Now I'm not a saint and
there are things about my personality that I'd wish to change. However, that's
up to me to decide if I want to change it or not. No one else should decide.
Even if people have a problem with it or not. I'm not talking about the little
things, I'm discussing the bigger issues at hand. If it's a noticeable flaw in somebody’s
personality then maybe they should strongly take into consideration that
changes need to be made. However, that's still their decision.
Now here's the catch,
if I meet somebody new they have no idea what my flaws are. I have a clean
slate without any repercussions. Think about it, we all have people in our
lives that have that one thing about them that's either annoying or we
absolutely can't stand. However, we tolerate it because we love them or care
about them. We don't notice this flaw until somebody points it out. When they
point it out that thought soon fades away shortly after because of the emotions
we share with that person.
If you introduce
someone else by describing that one negative trait the rest of that person's
mystery is gone. Why? Because the main focus is that trait we can't stand. Yes,
when meeting somebody new you should know what that persons about. But there's
no need to introduce somebody with a negative attribute. For example, "hi
have you met Everette? Watch out he'll get close to you and disappear for a
while." WHOA right? Now all that person is focused on is me being a
scumbag.
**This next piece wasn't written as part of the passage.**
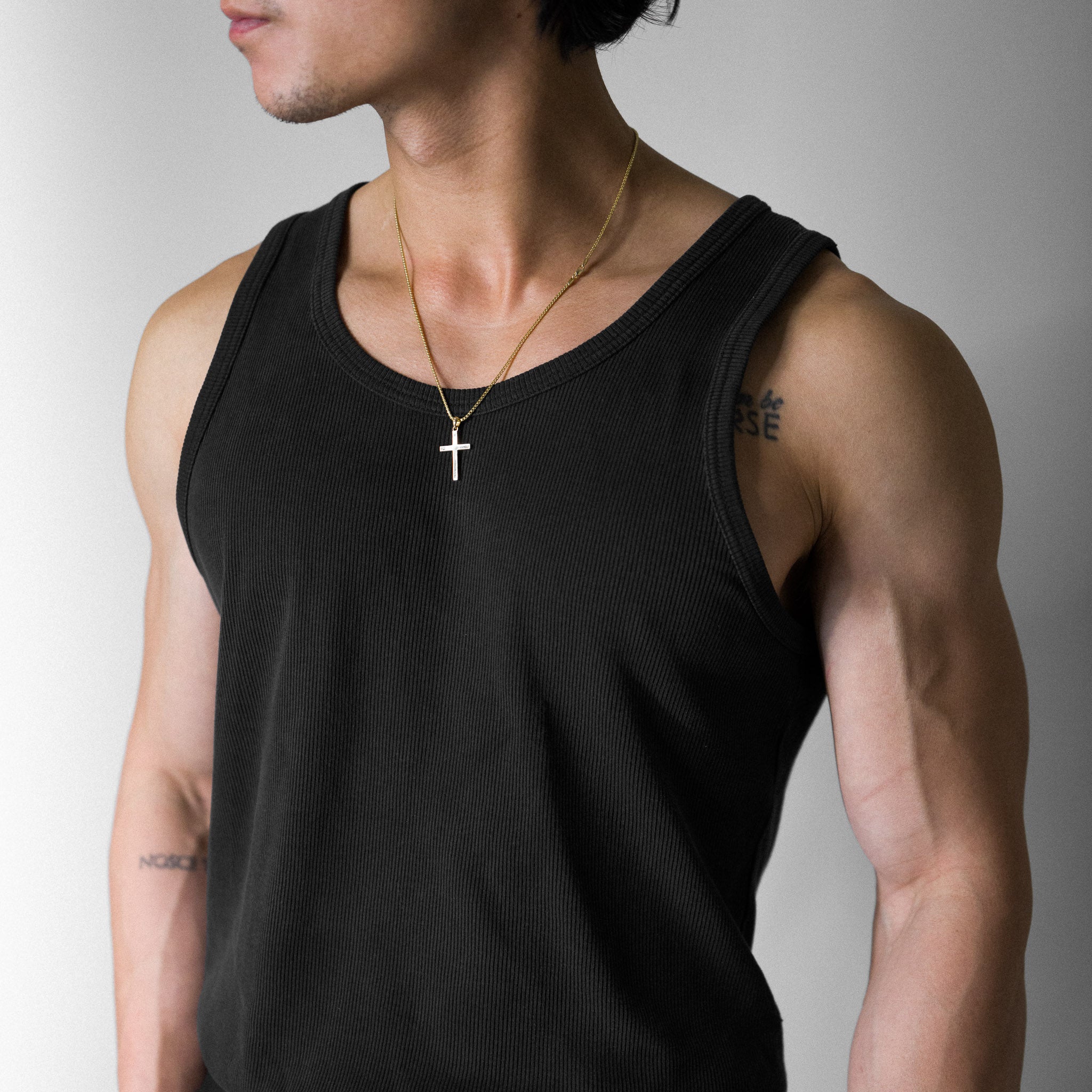 14K Gold Solid Block Cross Pendant - Charlie & Co. Jewelry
I know you're best interest is at heart when you're telling somebody
about someone else and mention that one bad thing however, you don't know if
those two people would become close.
They could possibly grow together into better people. It's not up to you
to decide somebody else's fate by guiding their relationship in a certain
direction.
The people you're
introducing have a negative aspect about them too but you aren't approaching
the stranger and telling them that. Are you? No... Thats what I thought.... Why
don't you give other relationships a chance rather that enclosing every detail
in the beginning? To make matters worse, the details being told are most likely
negative extremely positive or over exaggerated. Give new relationships a
chance by keeping the mystery and having an equal level of suspense. After all,
that's what making new relationships are all about. It's about learning how
other people live and exploring ourselves.